Por fim, mas não mesmo importante, vale ressaltar que o Chá não determina que o futuro corresponda às suas expectativas. Por mais que você não conviva com pessoas trans, ignore totalmente a existência destas e seja uma pessoa explícita ou implicitamente transfóbica, há grandes chances de, ao crescer, seu filho, filha — ou filhe — se reconhecer como uma. Nesse caso, aconselho que de uma vez por todas reconheça a ineficácia do preparo, que este serve apenas para a validação de valores que lhe farão momentaneamente se sentir bem por perpetuar a cisgeneridade compulsória.

Aconselho de antemão que, se lê esse texto, abdique totalmente da possibilidade de prepará-lo. Pense na criança primeiro, antes de pensar em si próprio. Impor a cisgeneridade a ela/ele/elu lhe renderá efeitos colaterais por vezes irreversíveis, seja a exclusão familiar, escolar, profissional e social caso não se identifique com a cor de seu bolo — lembrando que a cor é só um símbolo referente à cartilha imposta — seja na compulsividade desmedida de seguir tal cartilha, perpetuando por mais uma geração valores violentos e exclusores.

Ironias à parte, é urgente que a população cisgênera compreenda as violências acarretadas por seus rituais de controle. A manutenção da cisgeneridade compulsória é uma prática nociva a todes, não apenas às pessoas trans. Não pauto aqui a inexistência de pessoas cisgêneras. É possível que pessoas se identifiquem como homens ou mulheres cis, porém essa compulsividade constrói um pensamento coletivo de que pessoas trans são um erro, uma anormalidade, algo que não corresponde à ideia de humanidade - essa reservada, nesse caso, apenas às pessoas cis.

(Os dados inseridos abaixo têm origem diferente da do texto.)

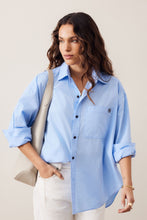 Load image into Gallery viewer, Peta Shirt Organic cotton poplin sky  Blue. Ceres Life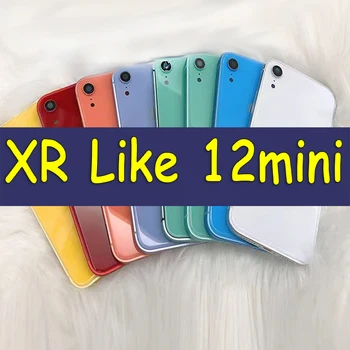 Настройка за корпуса на iPhone XR, като 12 мини-стъклен корпус с Квадратно шаси за iPhone XR, като телефон, 12-та серия, Корпус с плоски ръбове
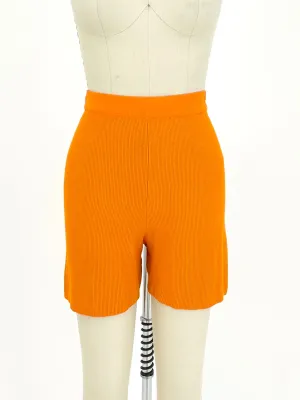 Jacquemus Arancia Rib Knit Shorts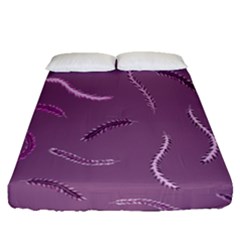 Plumelet Pen Ethnic Elegant Hippie Fitted Sheet (Queen Size)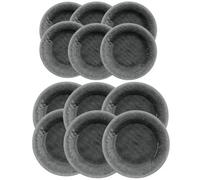 Purely Home Potters Reactive Glaze Grey Melamine Dinner & Side Plate Set For 6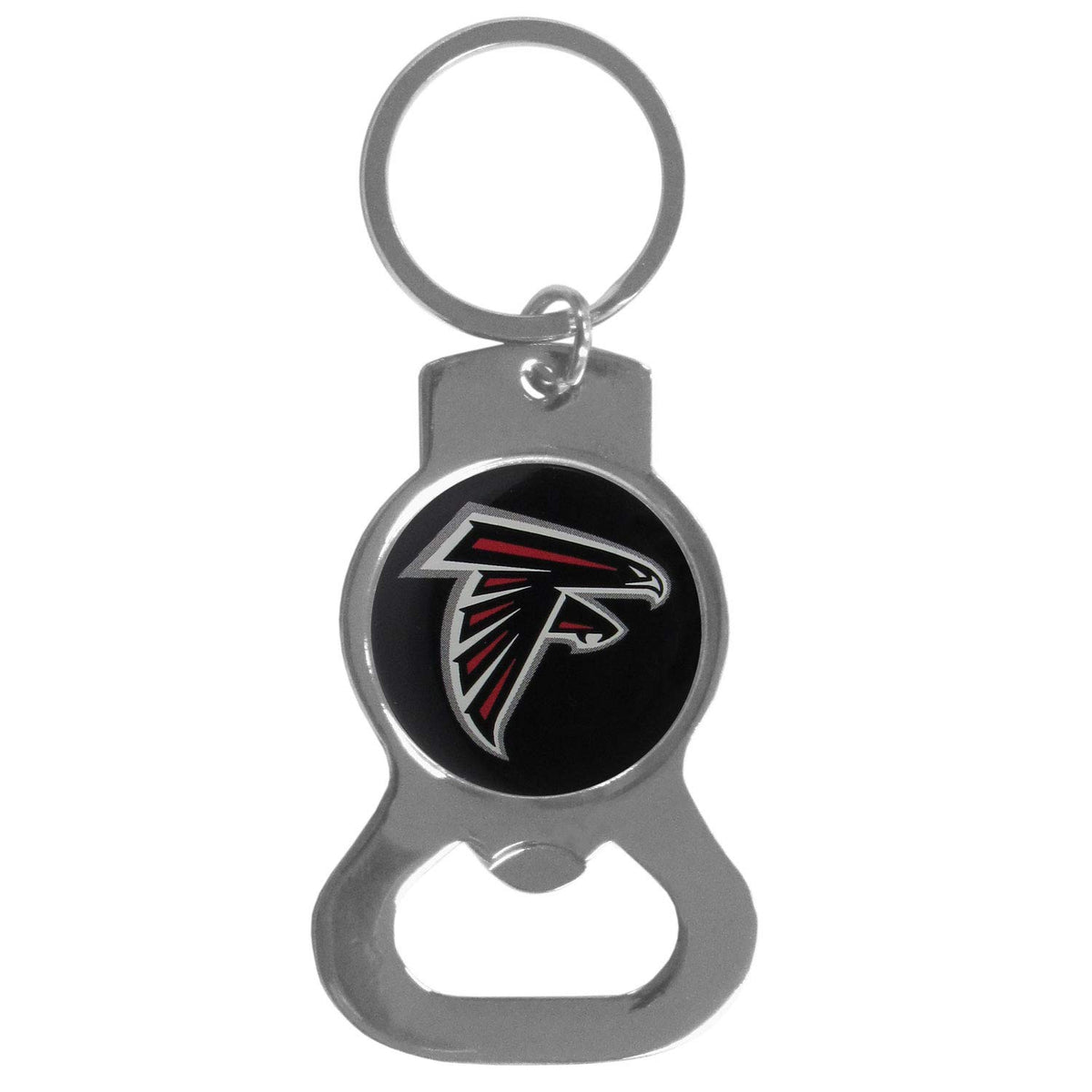 Nfl Siskiyou Sports Fan Shop Atlanta Falcons Bottle Opener Key Chain One Size Team Color,Black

Se você já realizou algum chá de revelação no passado, te convido a rever seus passos e analisar a quantidade de conceitos e comportamentos transfóbicos que está reproduzindo e impondo aos seus filhos e filhas sem nem mesmo perceber. Nós percebemos! Percebemos porque somos o problema nessa receita, mas no caso o problema - palavra tão usada para algo ruim - aqui se torna, na verdade, a solução para a diminuição da violência de gênero na nossa sociedade.

É muito mais difícil e doloroso se reconhecer como uma pessoa trans após passar por um processo de cisgenerificação desde a infância. Existem fatos que evidenciam a expressão da identidade de gênero de uma criança desde os dois anos de idade. Precisamos valorizar os impulsos e interesses das crianças mais do que impor algo que julgamos ser o certo para elas, assim prevenimos diversas problemáticas que nos levam a viver num país extremamente transfóbico como o Brasil.

Não beba deste chá. Não produza este chá. Se te passo a receita, é para que talvez consigas enxergar o quão nocivo ele é, e que a única ideologia de gênero existente e imposta na nossa sociedade é a cisgênera.